This has reached such an extent that many remote workers are apprehensive about even stepping away from their desk for five minutes to stretch their legs or pop the kettle on, for fear that they’ll miss a Teams or Slack message or, worse, their status will switch to ‘idle’, ‘away’ or another variation that signals ‘I am not at my desk’.
What started as a ‘hack’ for remote employees - who were genuinely working but were keen to avoid excessive micromanagement - is being abused by a minority of workers.
HR perspective
From an HR perspective, this incident at Wells Fargo raises several critical issues. Firstly, it highlights the importance of trust between employers and employees in remote working environments. HR professionals must balance the need for oversight with the trust they place in their workforce.
Surveillance software, which can range from tracking keyboard strokes and mouse movements to even more intrusive methods such as taking periodic screenshots of a worker’s activity, is one option.
However, with this move, whatever gains are made in productivity often come at the expense of employee trust and morale.
A 2024 Forbes Advisor survey finds that 39% of workers report that their employer monitoring their online activity negatively impacts their relationship with the company, and 43% say it negatively affects company morale.
Excessive monitoring can lead to a lack of trust and low morale, while insufficient oversight might lead to abuses like those seen at Wells Fargo.
Secondly, this case underscores the necessity for clear policies and guidelines regarding remote work. Employees need to understand what is expected of them and the consequences of violating these expectations. Regular training and communication about ethical work practices are crucial in reinforcing these standards.
Moreover, the incident points to the potential pitfalls of relying heavily on productivity monitoring tools. While these tools can provide insights into employee activity, they can also be manipulated, as seen in this case. HR departments must therefore consider more holistic approaches to performance management that go beyond mere activity tracking to include outcomes and overall contributions to team goals.

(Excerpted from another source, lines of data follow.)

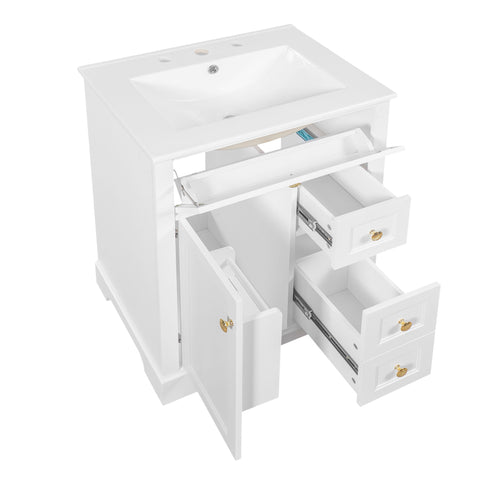 Modern Bathroom Vanity With Sink, 3 Drawers & Cabinet With 2 Tier Door Storage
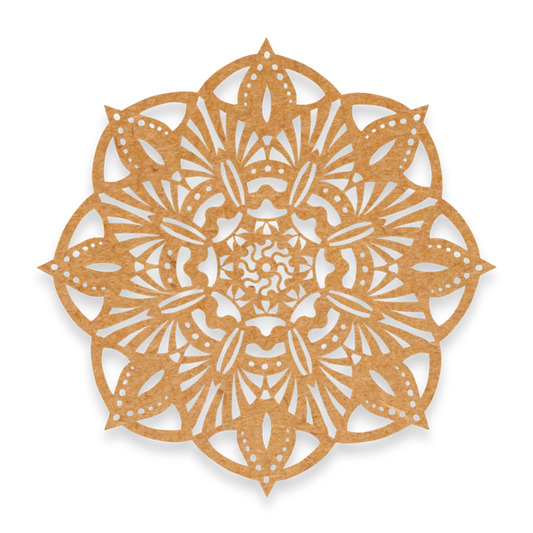 our striped flower mandala blank is intricately cut from 3mm MDF wood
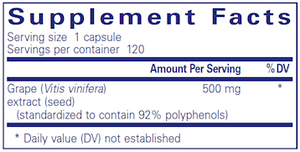 Pure Encapsulations Grape Pip 500mg - 120ct - ePothex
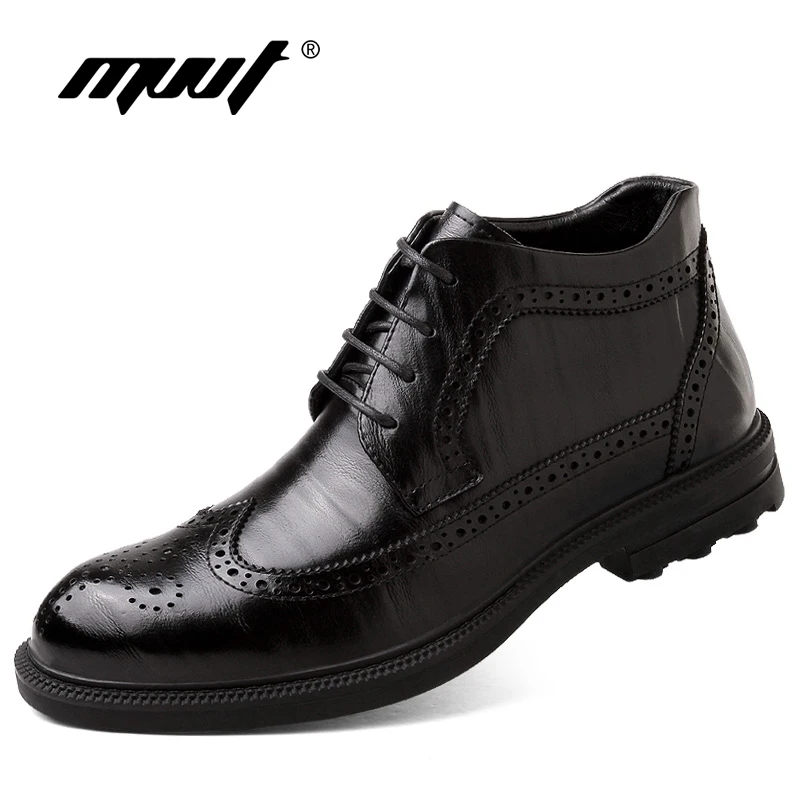 MVVT/мужские ботинки из натуральной кожи; оксфорды; модная зимняя обувь; ботинки «Челси»; мужские зимние ботинки; мужские кожаные ботинки-броги в деловом стиле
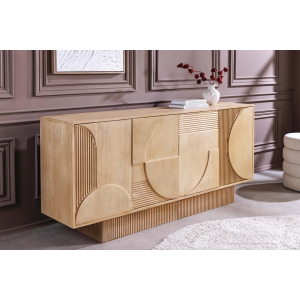 Komoda ART DECO 170cm 3D mangové dřevo, přírodní bílá  Místnosti 46800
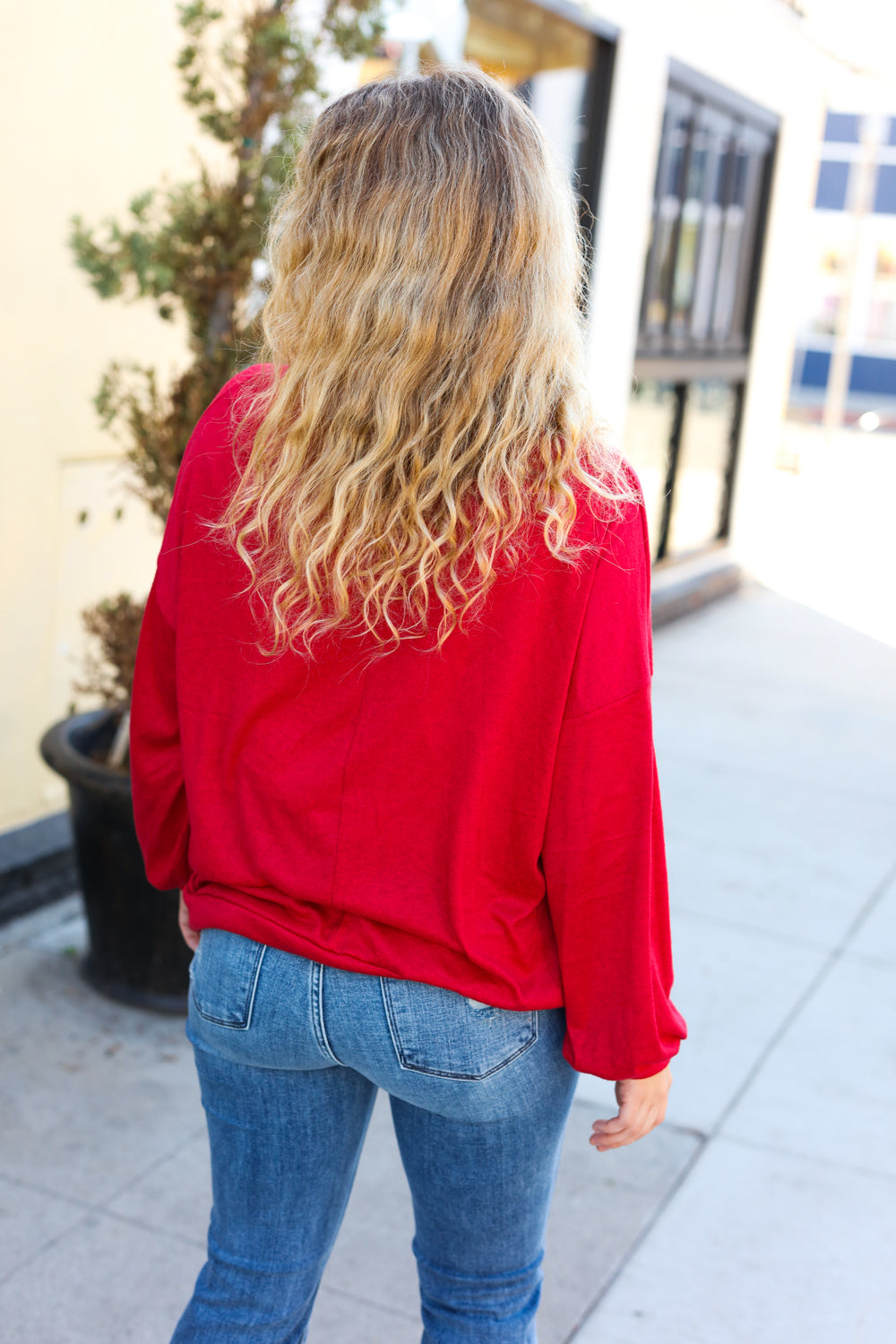 More The Merrier Red Sequin Christmas Tree Hacci Top - Festive Holiday Party Blouse for Women, Christmas Dinner & New Year Celebration Outfit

Dr John Forth, Reader in Human Resources Management at Bayes Business School (formerly Cass), says: “Measuring mouse movements is likely to be a pretty poor way of measuring someone’s productivity in most desk jobs.
"It’s surprising that some employers haven’t developed a more sophisticated approach to assess employees’ work. I would urge any employer with remote workers to develop KPIs that actually measure outputs rather than inputs.”
Similarly, Matthew Castillo PhD, Head of Employee Listening at Whole Foods, has previously told HR Grapevine that the impact of employee monitoring will depend on its execution, including levels of trust and psychological safety.
“There are more opportunities to misuse employee monitoring data than not which is why it is critical to be transparent with employees about how they are being monitored, why, and how the data will and will not be used,” he explains.
“Managers must ensure that employees trust them and feel empowered to share their opinions and feedback without fear of retaliation to ensure that employee monitoring does not hinder the employee experience.”
In conclusion, the Wells Fargo incident is a potent reminder of the complexities involved in managing a remote workforce. For HR professionals, it emphasizes the need for building a culture of trust, implementing clear guidelines, and adopting comprehensive performance management strategies. By addressing these areas, organizations can better navigate the challenges of remote work and maintain high standards of integrity and productivity.